Transcribe the entries exactly. Omit the pictures.

[Records shown]

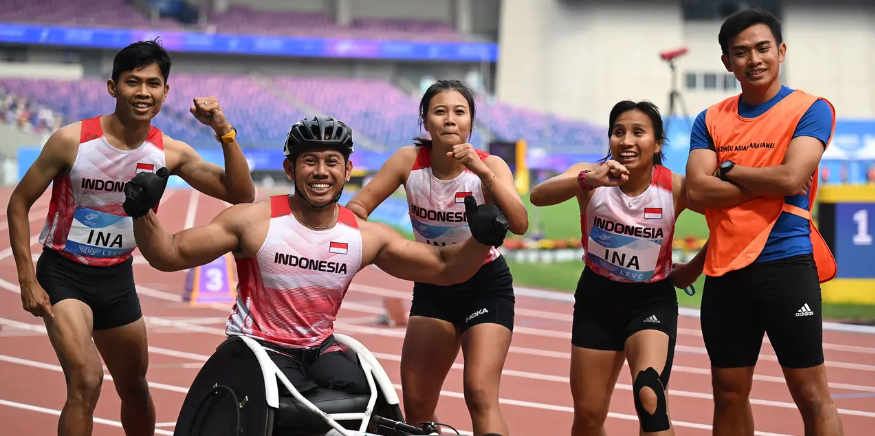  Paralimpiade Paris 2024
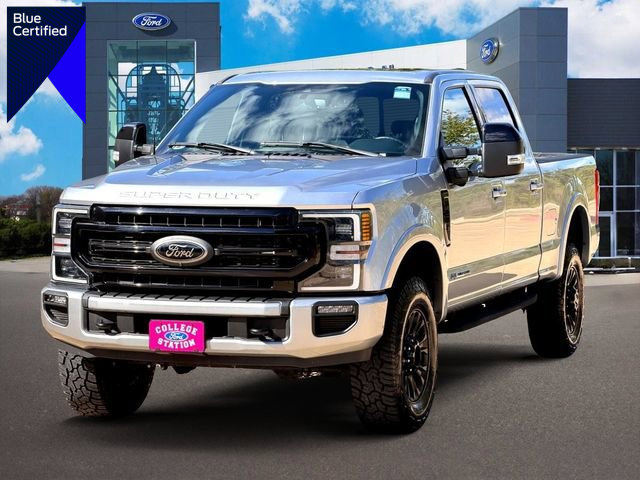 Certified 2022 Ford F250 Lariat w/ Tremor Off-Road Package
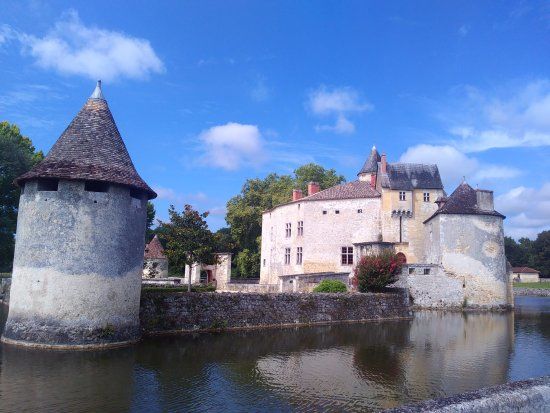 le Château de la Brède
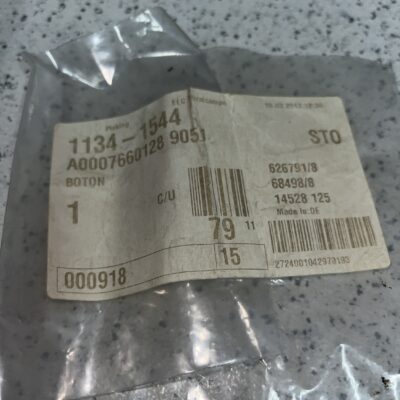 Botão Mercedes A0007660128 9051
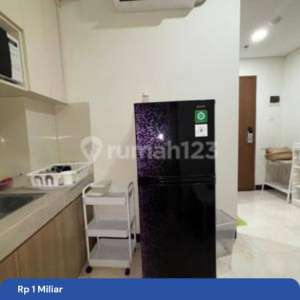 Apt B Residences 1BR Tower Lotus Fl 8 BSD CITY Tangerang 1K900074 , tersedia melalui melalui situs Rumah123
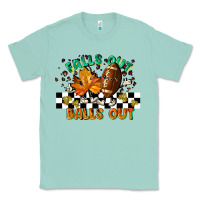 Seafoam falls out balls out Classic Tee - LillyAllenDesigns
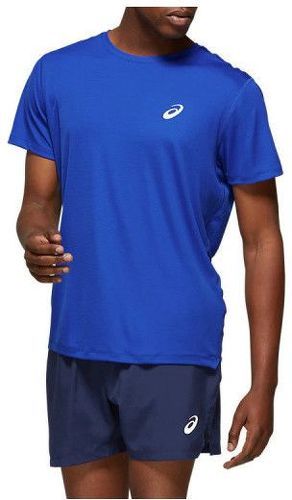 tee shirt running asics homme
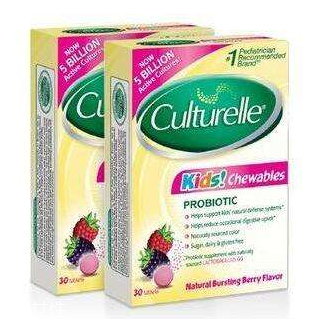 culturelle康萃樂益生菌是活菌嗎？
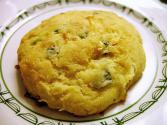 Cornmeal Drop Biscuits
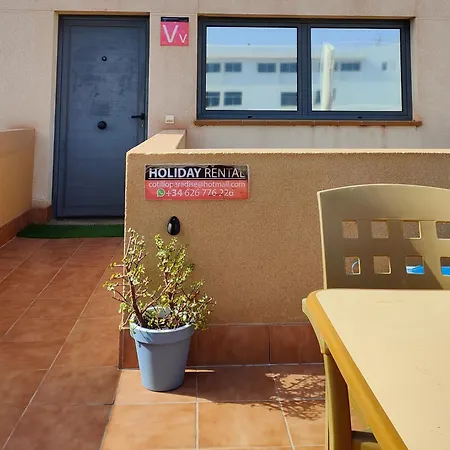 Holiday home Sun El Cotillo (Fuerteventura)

[/Records shown]

> [Exercise result]:
  Paralimpiade Paris 2024
 Certified 2022 Ford F250 Lariat w/ Tremor Off-Road Package
 le Château de la Brède
 Botão Mercedes A0007660128 9051
 Apt B Residences 1BR Tower Lotus Fl 8 BSD CITY Tangerang 1K900074 , tersedia melalui melalui situs Rumah123
 Seafoam falls out balls out Classic Tee - LillyAllenDesigns
 tee shirt running asics homme
 culturelle康萃樂益生菌是活菌嗎？
 Cornmeal Drop Biscuits
 Holiday home Sun El Cotillo (Fuerteventura)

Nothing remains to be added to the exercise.